And So It Is: Tattoo/Memorabilia/Car-Gate 2011

I kind of saw this coming, but I have to admit I was surprised when I woke up Monday morning and read the news about Jim Tressel stepping down. Was it necessary? Absolutely. But part of me thought that Ohio State was going to keep him around. It became incredibly clear today that Ohio State is trying to distance themselves from him as much as they can. This tattoo, memorabilia, and car issue with the Ohio State players is a Jim Tressel issue, and not an Ohio State University problem – at least that’s what the university wants you to believe.

After reading the Sports Illustrated article written by George Dohrmann with David Epstein (if you haven’t read it, please do so http://tinyurl.com/3n4zwm8), it became pretty clear that all of the “I didn’t know” fodder from December was absolute BS as I (and nearly everyone else with a brain) suspected. He had known about Terrelle Pryor and company selling their memorabilia for at least a year, even though he had stood in front of the media and told them otherwise after the allegations first emerged. In fact, shady bizness had been going down at Ohio State for a long period of time. Sports Illustrated conducted an investigation that alleged wrongdoings all the way back from 2002.

But what does he do with all those vests?

Jim Tressel knew last year without players like Terrelle Pryor and Daniel Herron, Ohio State wouldn’t be a national title contender. So, instead of reporting the things he knew about what his players were doing, he covered it up and then let them take all the criticism when it was found out. He can say that he was doing what he could to protect his athletes, but he just wanted to protect his record and his chance for a national title. The thing is, Jim, you can’t hide what’s on a computer. Has no one learned that yet?

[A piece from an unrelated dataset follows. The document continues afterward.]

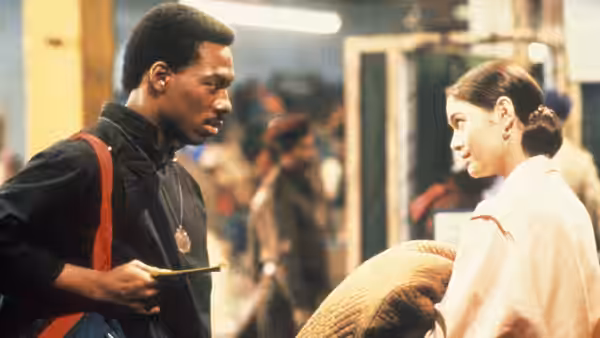 Chandler Jarrell (Eddie Murphy) speaks with Kee Nang (Charlotte Lewis) in a crowded market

Whether it was arranging jobs for players, pointing the athletes in the direction of boosters who would give them an extra hand if they were short on change, or turning a blind eye when the football players came to school in brand new cars, Tressel had a hand in all of it. I’ve never believed the “I didn’t know” excuse in athletics, and this Ohio State situation confirms my theory that “I didn’t know” will never fly.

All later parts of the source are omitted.